Padmanabh, first ascent. Almost all the unclimbed 7,000m peaks surrounding the Siachen Glacier were scaled in the 1970s by expeditions entering the region from Pakistan. Padmanabh remained virgin. The period allocated to climbing during our traverse of the Teram Shehr Ice Plateau (see above) was 15 days from a second base camp at 5,650m back to the same camp. On June 14 an advance party went up an easy glacier and reached a col on the south ridge at 6,250m. Their reconnaissance led to the conclusion that an attack camp should be set up near the col. The mostly granite south ridge has an average angle of 45°-50°. We thought this would yield to relatively easy climbing. However, the south ridge comprised small but complicated snow ridges, which appeared one after another. In some places the angle reached 70°-80°. Route preparation up to 6,750m required four working days, and 16 rope lengths were fixed to this point. Two teams consisting of Japanese and Indian mountaineers worked together to open the route.

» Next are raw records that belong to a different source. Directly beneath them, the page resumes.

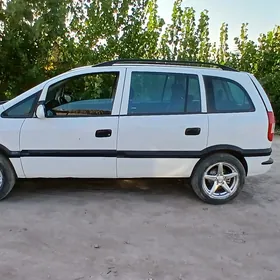 Opel Zafira 2003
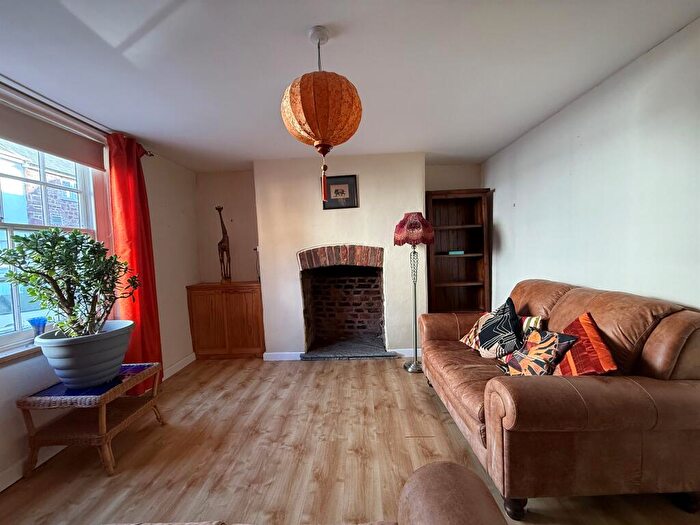 3 Bedroom Terraced House For Sale In St. Andrew Street, Tiverton, EX16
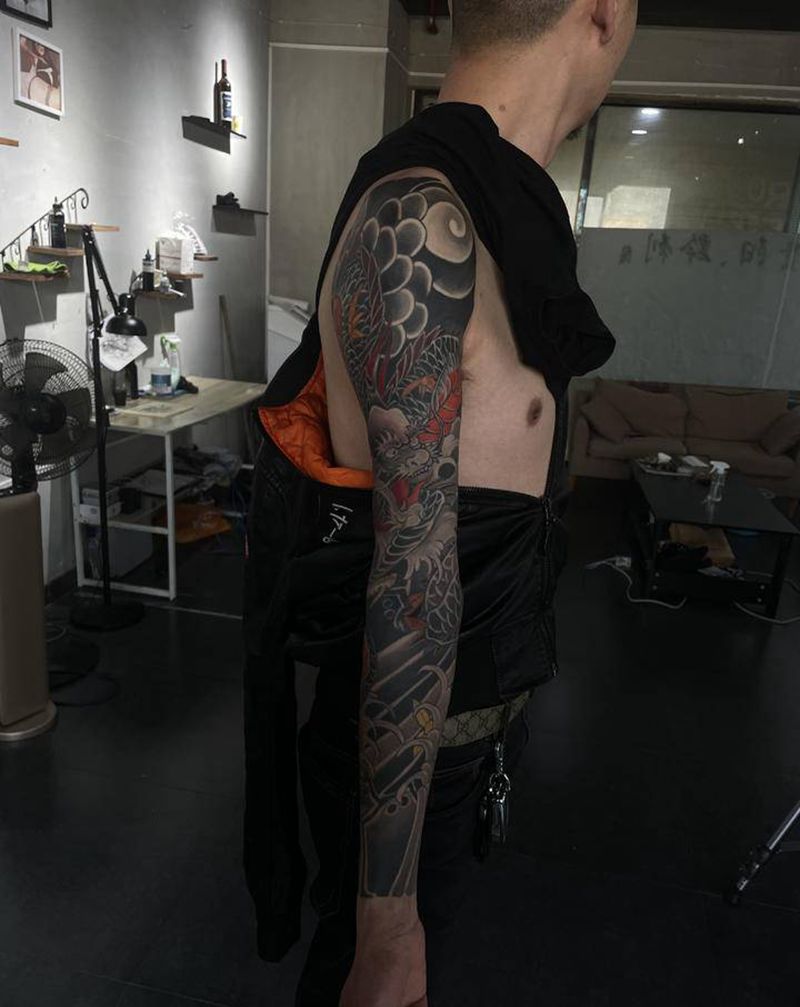 老传统花臂纹身图片_手臂老传统纹身图案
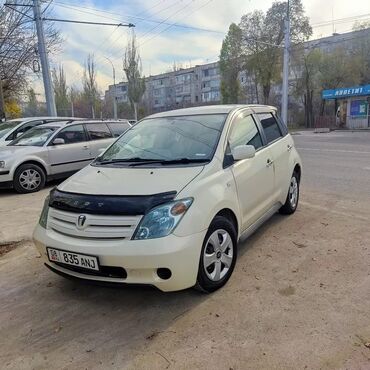 Toyota: Toyota ist: 2003 г., 1.3 л, Автомат, Бензин, Хэтчбэк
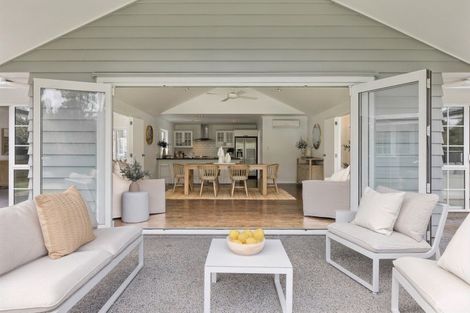 Photo of property in 40 Stonebridge Way, Pyes Pa, Tauranga, 3112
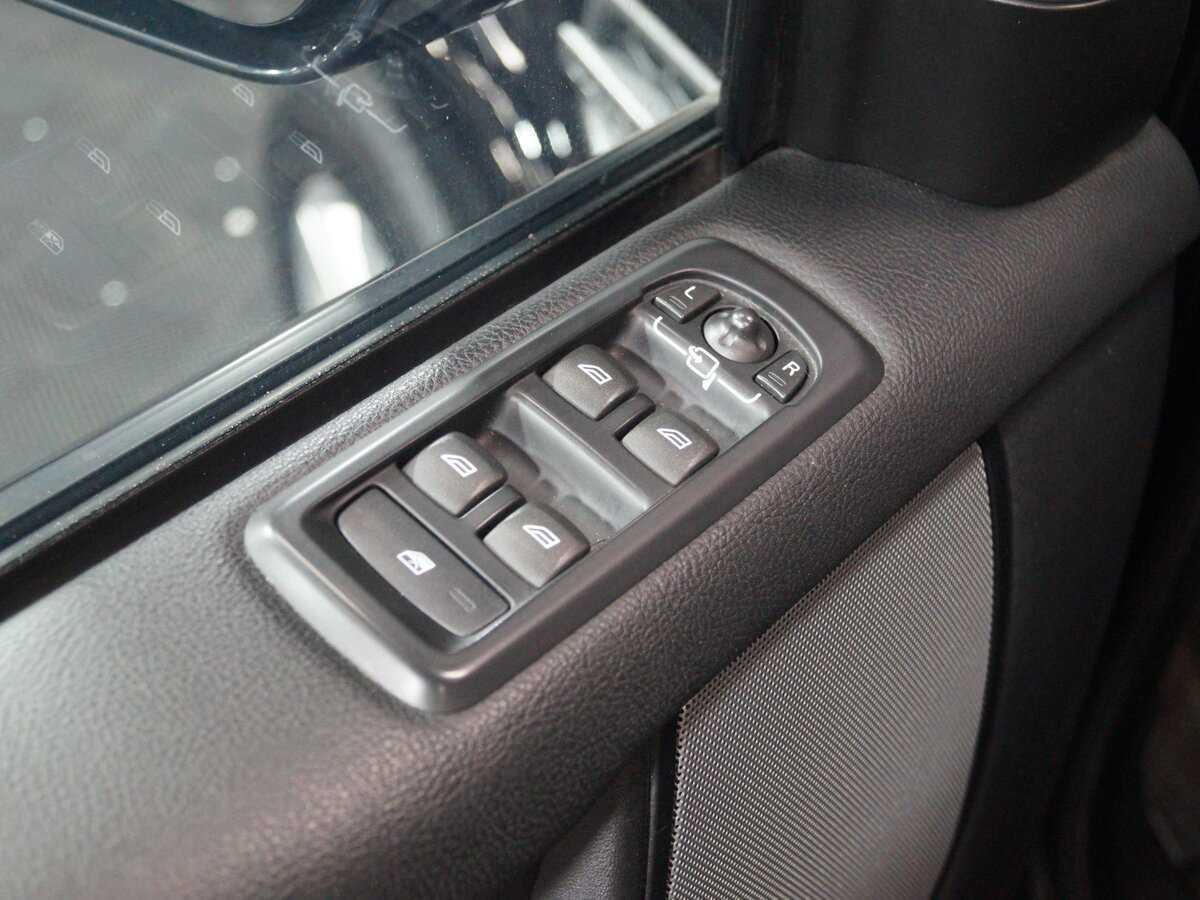 Land Rover Discovery, 2015 Фото №15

On June 25, the 12th day after commencing the climb, we attempted the summit. Three members comprising Commander S. Dam, Yasushi Tanahashi and myself departed from our attack camp at 3:50 a.m. Unfortunately S. Dam soon had to drop out as he was unable to keep pace with the other two. We reached our previous high point at 8:30 a.m. Every pitch from there was extremely hard, even though it was less than 300m to the summit. We moved steadily pitch by pitch against a strong wind and the clouds that prevailed on the upper part of the south ridge.
About 11 hours after leaving camp we reached a treacherous snow wall. I led this wall, climbing vertical granulated sugar snow that was very difficult to negotiate. We kicked and stamped down the snow to make it more solid but all our efforts were in vain. We continued our struggle as the wall became even more precipitous. The last 30m ended with a cornice. To overcome it, we first had to dig a trench two meters deep and then excavate a tunnel. If conditions as critical as this had carried on for another five minutes, I would have given up and descended. Tanahashi led the final (26th) pitch, which took us to the foot of an ice tower resembling a cream puff. We stood atop Padmanabh at 3:10 p.m. after over 11 hours of continuous climbing.
A few days later Motup Chewang, Rushad Nanavatty, Dr Oe and Tadashi Fukuwada (each of whom worked hard and climbed quite high while preparing the final route) were poised for another attempt on the summit. However, due to the onset of bad weather, they gave up the attempt.